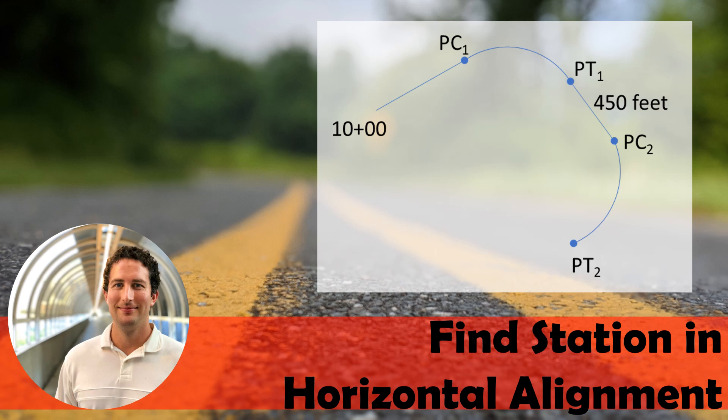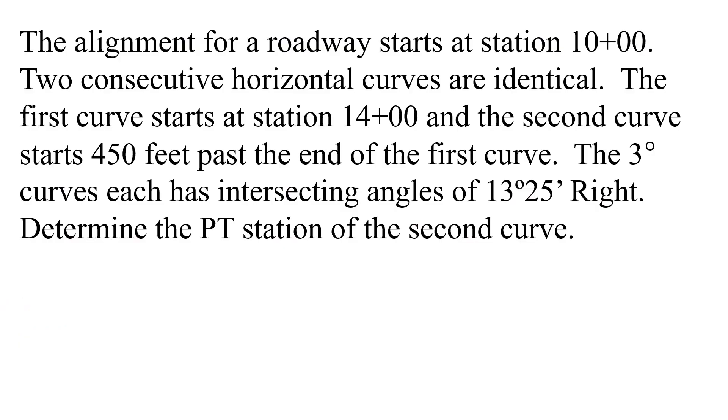In this problem, we're going to find a station in a horizontal alignment. Specifically, we're told that the alignment for a roadway starts at station 10+00, and there's two consecutive horizontal curves that are identical. The first curve starts at station 14+00, and the second curve starts 450 feet past the end of the first curve. Three degree curves each have intersecting angles of 13 degrees 25 minutes to the right. We're asked to determine the PT station of the second curve.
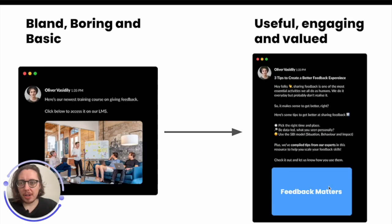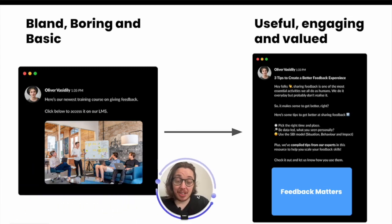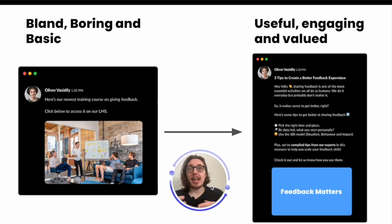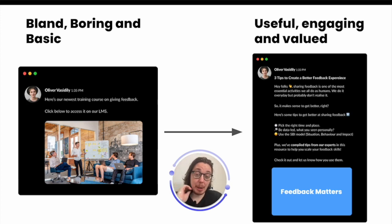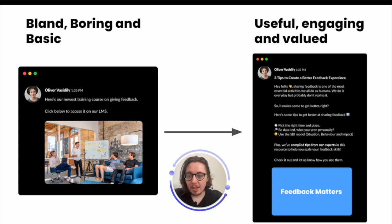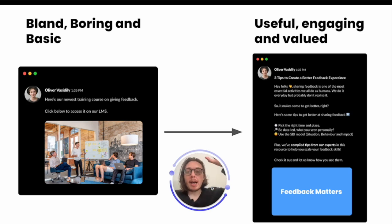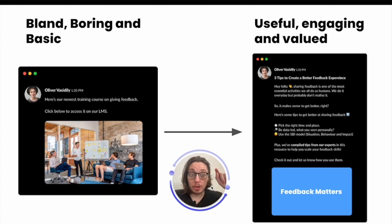We begin by looking at what I would describe as messaging — how do you engage people with your content. On the left hand side we have what I call the very bland, boring and basic, and you might be used to this. On the right hand side is how we turn that into a post that is useful, engaging and valued. Hopefully you can already see the feel and look difference between the two.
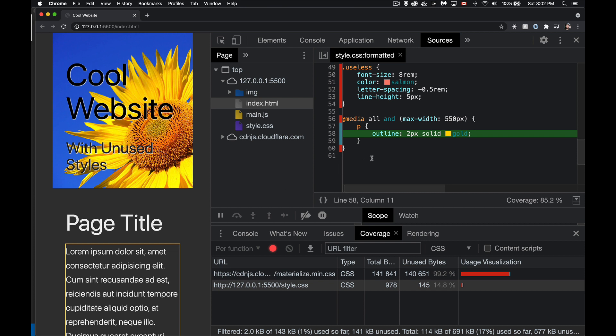And over in my CSS file, it shows me, yeah, these three lines, this style is now actually being used. So I've dropped down to 14% unused. Great.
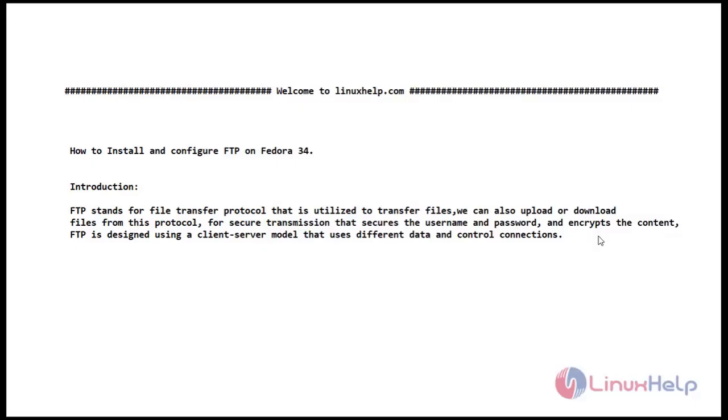Welcome to linuxhelp.com. Today's topic is how to install and configure FTP on Fedora 34. Small introduction of FTP.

###

*WORK TO BE COMPLETED:*
Repeat the data word for word. Skip the pictures.

*TASK RESPONSE:*
In this problem, we're going to find a station in a horizontal alignment. Specifically, we're told that the alignment for a roadway starts at station 10+00, and there's two consecutive horizontal curves that are identical. The first curve starts at station 14+00, and the second curve starts 450 feet past the end of the first curve. Three degree curves each have intersecting angles of 13 degrees 25 minutes to the right. We're asked to determine the PT station of the second curve.
We begin by looking at what I would describe as messaging — how do you engage people with your content. On the left hand side we have what I call the very bland, boring and basic, and you might be used to this. On the right hand side is how we turn that into a post that is useful, engaging and valued. Hopefully you can already see the feel and look difference between the two.
And over in my CSS file, it shows me, yeah, these three lines, this style is now actually being used. So I've dropped down to 14% unused. Great.
Welcome to linuxhelp.com. Today's topic is how to install and configure FTP on Fedora 34. Small introduction of FTP.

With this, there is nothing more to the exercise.